Il tradizionale telaio in tubi beneficiava della migliore componentistica disponibile sul mercato.
La moto, affidata al pilota Kim Newcombe, un tecnico in forze alla casa tedesca, gareggiò nel biennio 1972/73 e fu estremamente competitiva, in grado di rivaleggiare con i mezzi ufficiali nel periodo in cui alla guida delle MV Agusta che spopolavano c’erano Giacomo Agostini e Phil Read, che si laurearono Campioni del Mondo rispettivamente nel 1972 e nel 1973.
Nel 1973, l’anno della scomparsa di Saarinen che nel frattempo aveva portato al debutto la Yamaha 500 2T, Newcombe si piazzò al secondo posto nella classifica del mondiale alle spalle di Read e davanti ad Agostini, ma non potette godere di questo prestigioso risultato (ricordiamo che sostanzialmente, nonostante l’appoggio della Konig, era un privato) perché morì il 14 agosto di quello stesso anno a seguito delle ferite riportate a Silverstone qualche giorno prima nel corso di una gara non titolata. Il suo piazzamento fu frutto di un secondo posto, due terzi, due quarti ed un quinto oltre la vittoria al GP di Jugoslavia favorita in verità dall’assenza dei top rider che contestarono la pericolosità del circuito di Abbazia. Newcombe era nato a Nelson (Nuova Zelanda) il 2 gennaio del 1944. L’avventura della Konig si interruppe con la morte di Newcombe che era stato la vera anima del progetto.
MONARK
Questo marchio svedese, ormai sconosciuto ai più, ha un passato glorioso specialmente nel fuoristrada. Le origini risalgono al 1913 quando nacque con il marchio Esse.

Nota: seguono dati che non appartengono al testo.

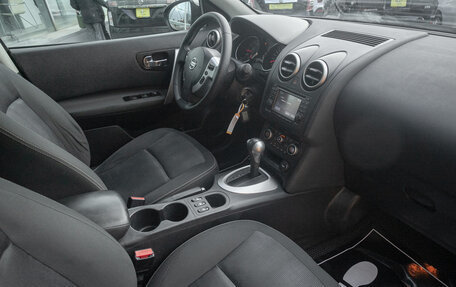 Nissan Qashqai, 2012 год, 775 000 рублей, 19 фотография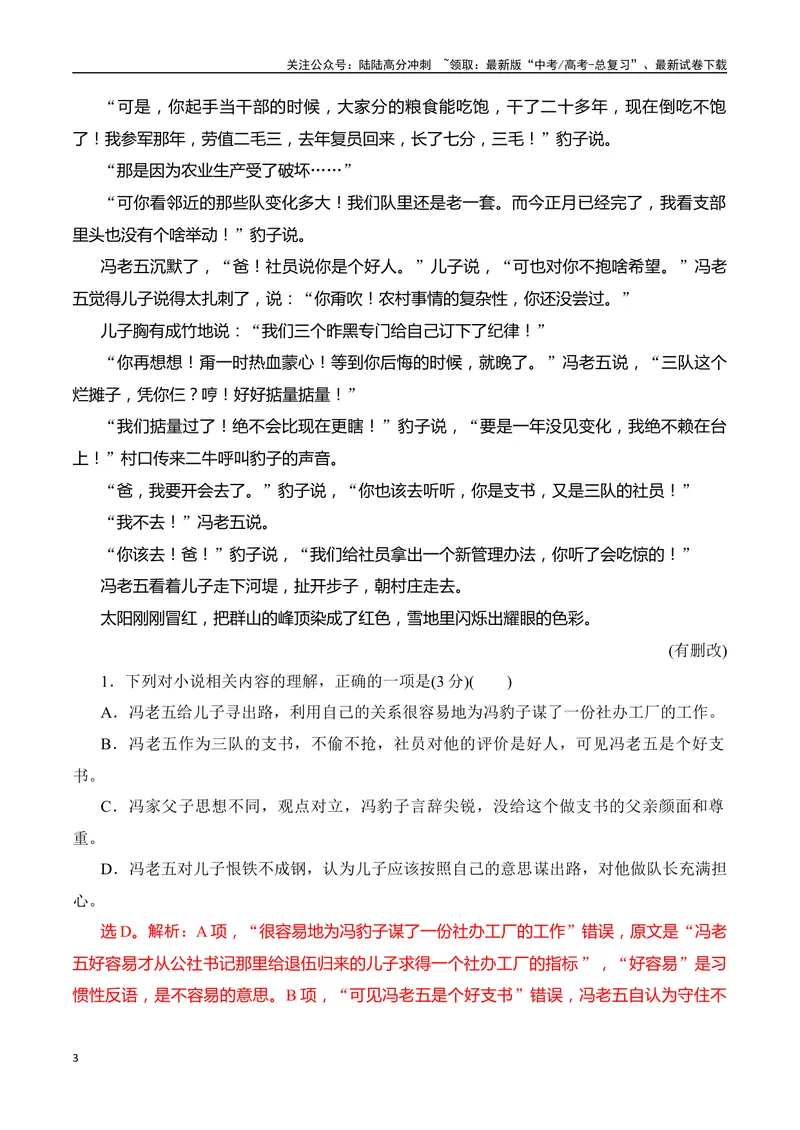 《05小说阅读分析叙述特征（教师哦）-25页_二轮复习_2025年_2025年高考语文二轮复习之现代文阅读（全国通用）_资料》第3页预览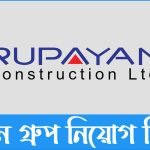রূপায়ণ গ্রুপে চাকরির সুযোগ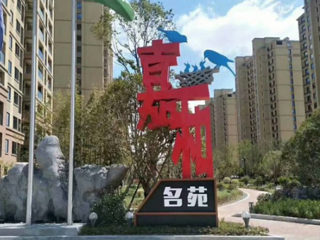 嘉和名苑一室一厅一厨一卫出租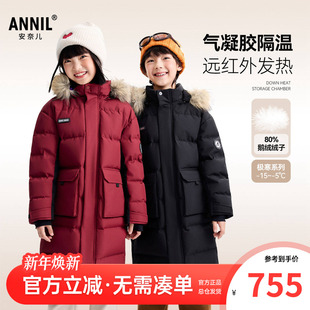 安奈儿男童女童加长款鹅绒羽绒服2025冬新款儿童发热保暖加厚外套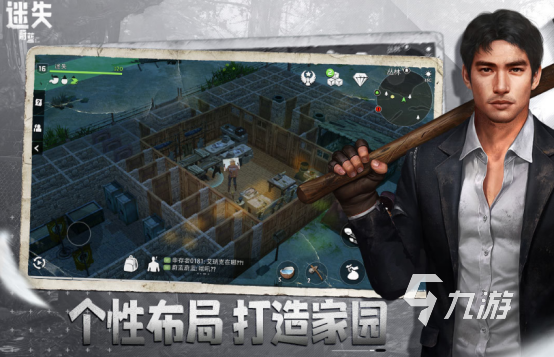 在荒岛摘浆果砍树的游戏有什么 2025必玩的荒岛求生手游合集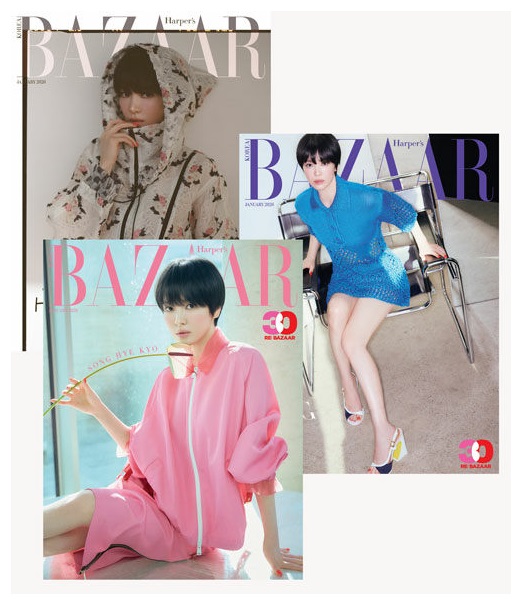 바자-2026년-1월호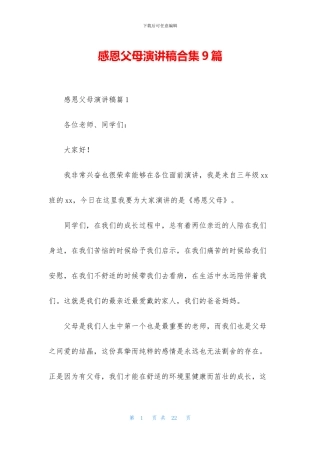 感恩父母演讲稿合集9篇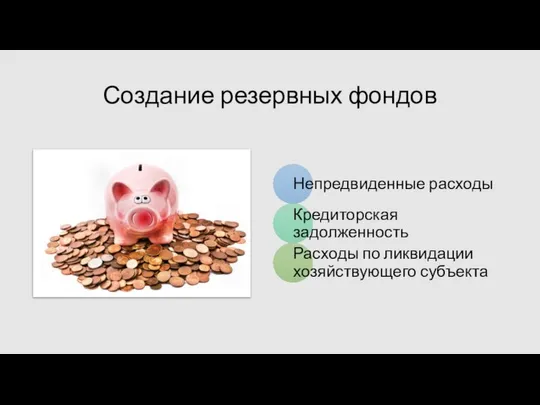 Создание резервных фондов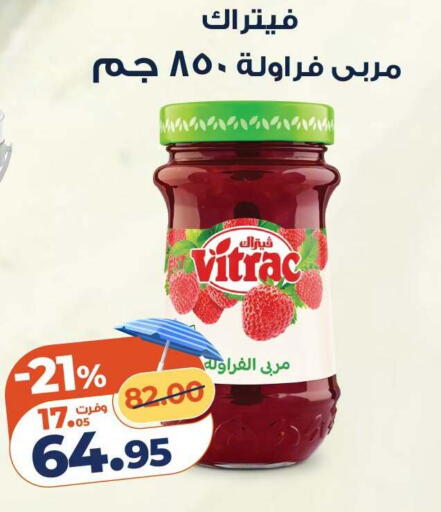 available at كازيون in Egypt - القاهرة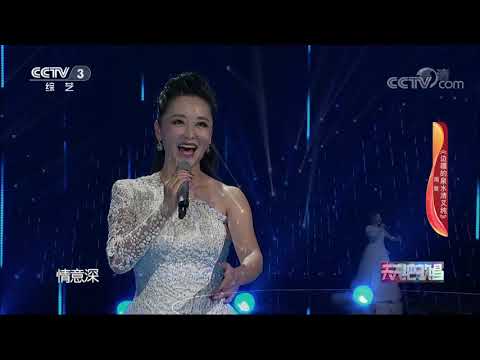 周旋《邊疆的泉水清又純》經典民歌 優美動聽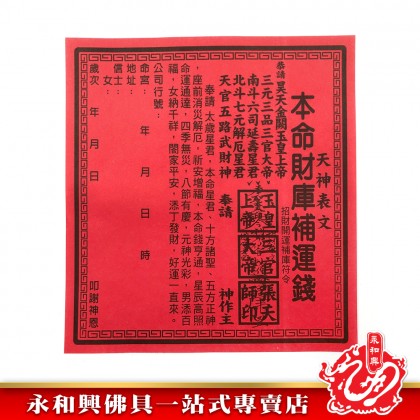 永和興天降補運金/補運錢/補運金-WING WOH HING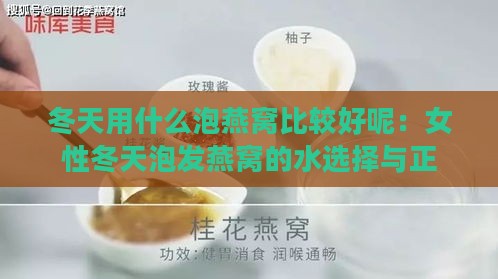 冬天用什么泡燕窝比较好呢：女性冬天泡发燕窝的水选择与正确方法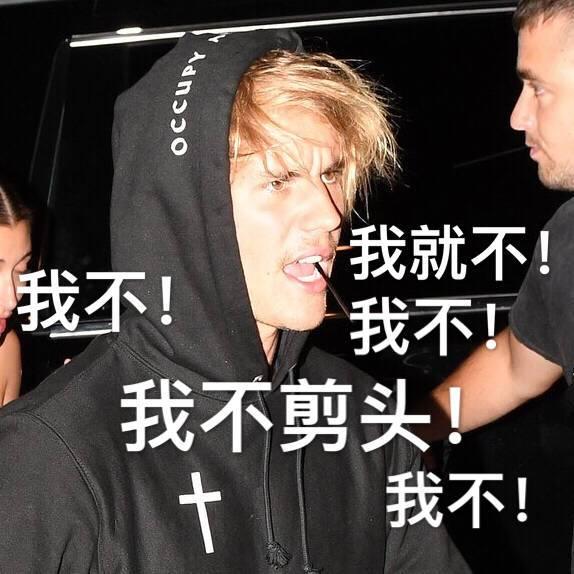  贾斯汀比伯新发型，贾斯汀比伯为什么一直戴帽子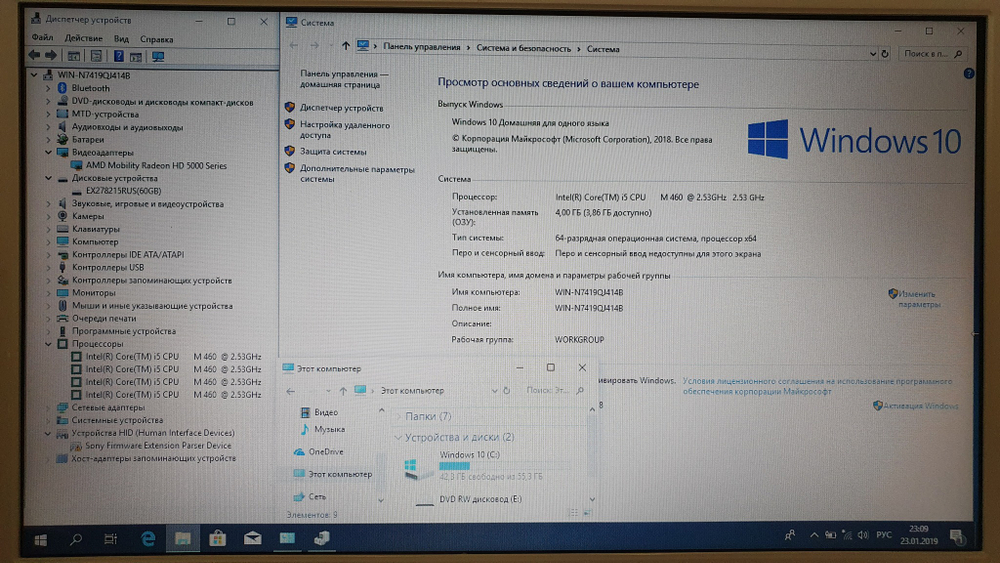 Ноутбук SONY 4 ядра покупка/продажа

Il nome fu poi cambiato in Monark nel 1927. La Monark è sopravvissuta fino agli anni ’70 ma con l’avvento dei due tempi giapponesi fu costretta a cessare l’attività nel 1975. Non prima però di essersi avventurata, nel 1973, nel mondo dei GP fornendo il proprio appoggio alla realizzazione di una 500 da GP 2 tempi ideata da Rudi Kurth, famoso per le proprie realizzazioni nel campo dei sidecar.
Di questa Monark da GP non si conosce molto.

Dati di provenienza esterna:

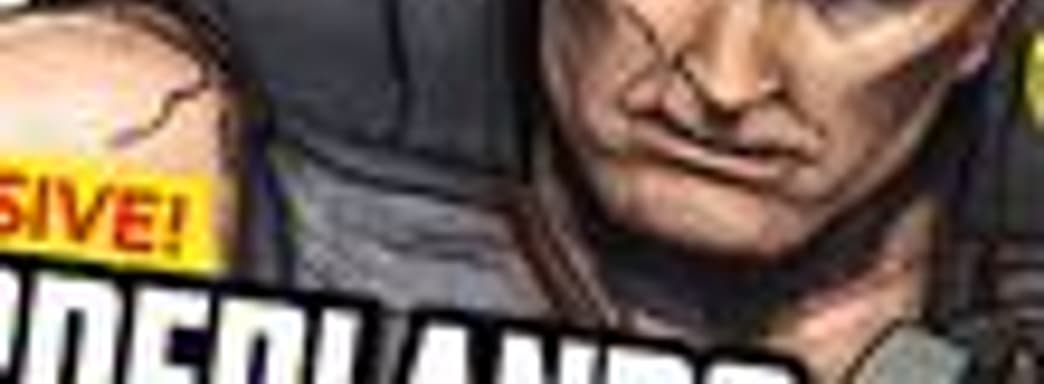 Borderlands - так что же там за графика? [обновлено - скриншот]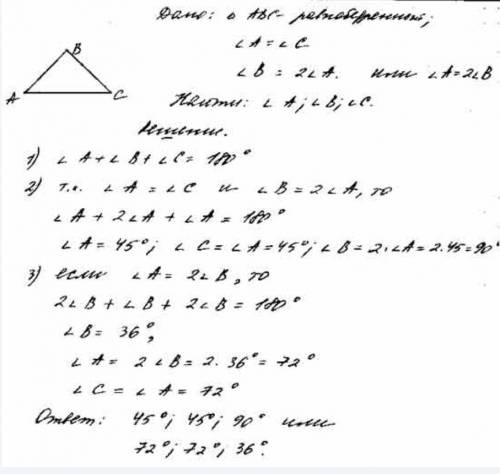 Один из углов равнобедренного треугольника в два раз больше другого. найдите эти углы.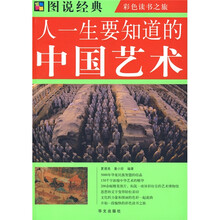 图说经典：人一生要知道的中国艺术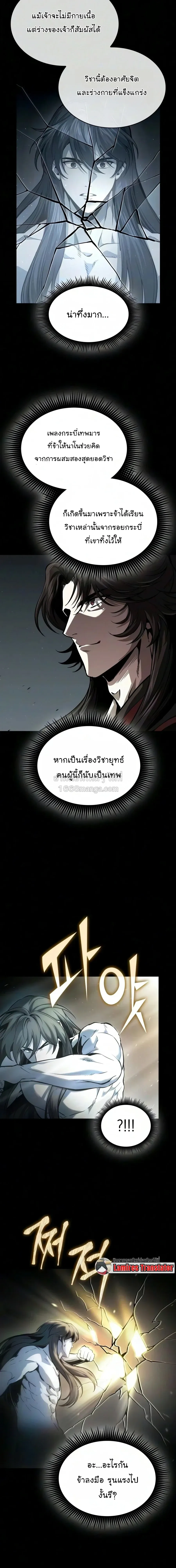 Nano Machine Chap 318 - Next Chap 319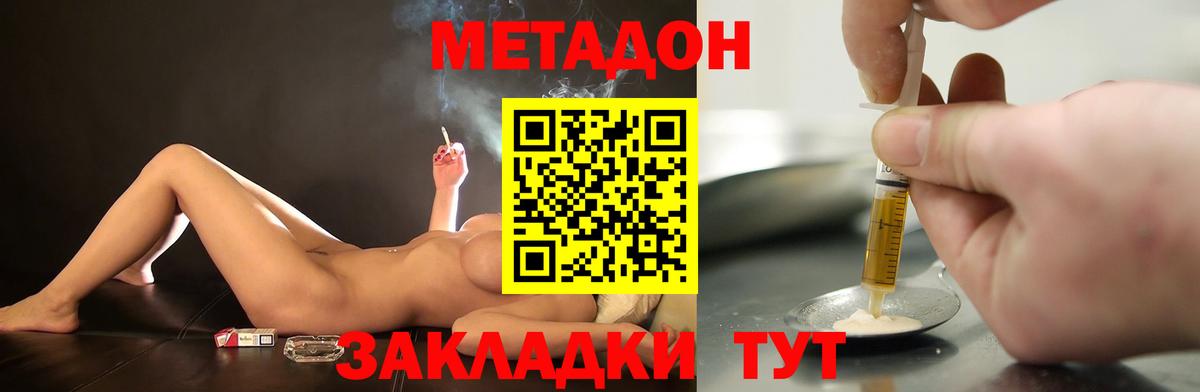 МЕТАДОН белоснежный  гидра ссылки  Вход с VPN  Пенза  Метадон кристалл 
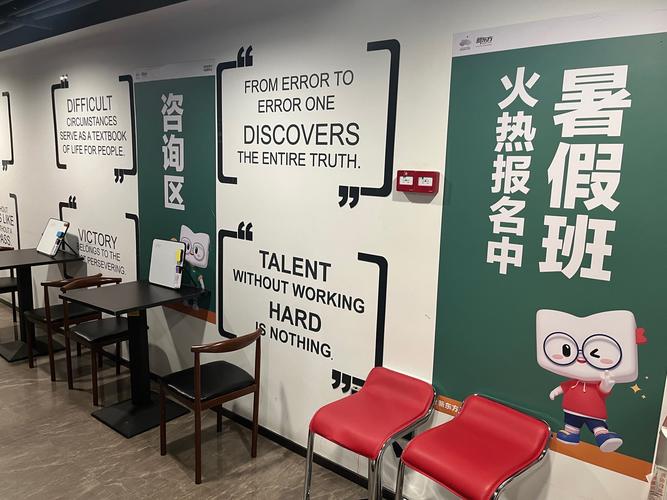 新东方口语俱乐部，新东方口语俱乐部官网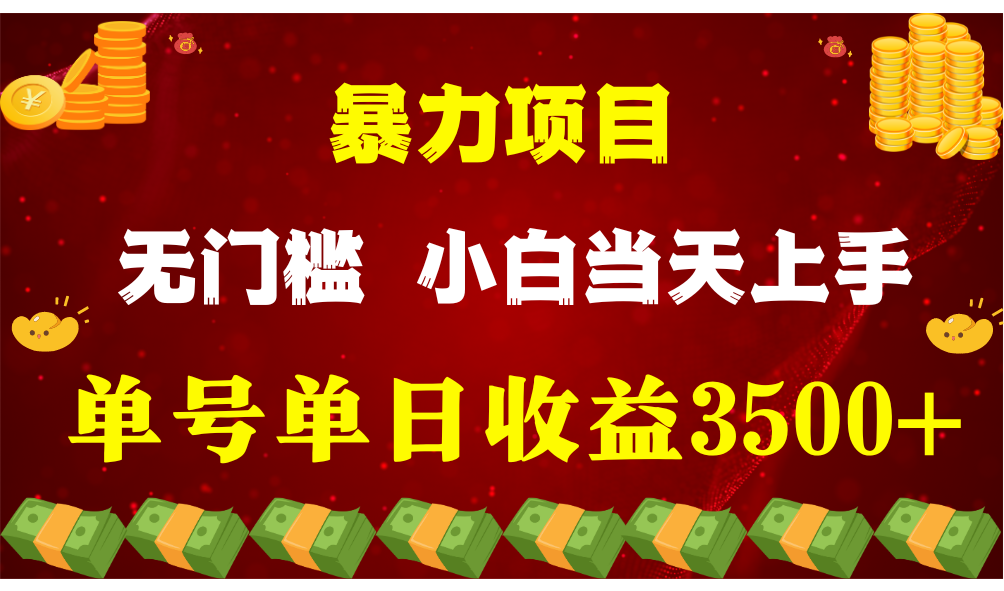 穷人的翻身项目,月收益15万+,不用露脸只说话直播找茬类小游戏,小白-AIGC资源中心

Rudi Kurth, diede vita a questo progetto partendo da un motore marino Crescent che aveva già utilizzato nel suo sidecar del 1968, un 3 cilindri fronte marcia collocato in posizione orizzontale. Il telaio era costituito da un unico tubo rettangolare, l’altezza della moto era paragonabile a quella di una 50 ed il peso era di 100 Kg. La base di partenza sembrava buona ma dopo un anno appena il progetto fu abbandonato, forse per i problemi della Monark che finanziava il progetto. La Monark 500 GP fu portata in gara anche da Ermanno Giuliano, noto anche come collaudatore Ducati; nel 1974 la portò in gara nel campionato italiano classificandosi al 7° posto; in quello stesso anno partecipò anche a qualche gara del Mondiale.

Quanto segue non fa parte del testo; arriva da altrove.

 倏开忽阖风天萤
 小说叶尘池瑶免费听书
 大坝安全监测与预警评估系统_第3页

In verità una moto con questa denominazione fu preceduta già dal 1969 da una omonima meno famosa accomunata dalla base motoristica di partenza, il tre cilindri due tempi della Crescent; fu il pilota svedese Billy Andersson a portarla in gara, con scarsissimi risultati, al TT e ai GP di Belgio e Finlandia. La rivedremo in pista due anni dopo, nel 1971 al GP di Svezia, dove il pilota Morgan Radberg la porta, pur doppiato, ad un onorevole settimo posto precedendo il connazionale Granath con la Husqvarna. Poi, nel 1973, arriverà la realizzazione di Rudi Kurth.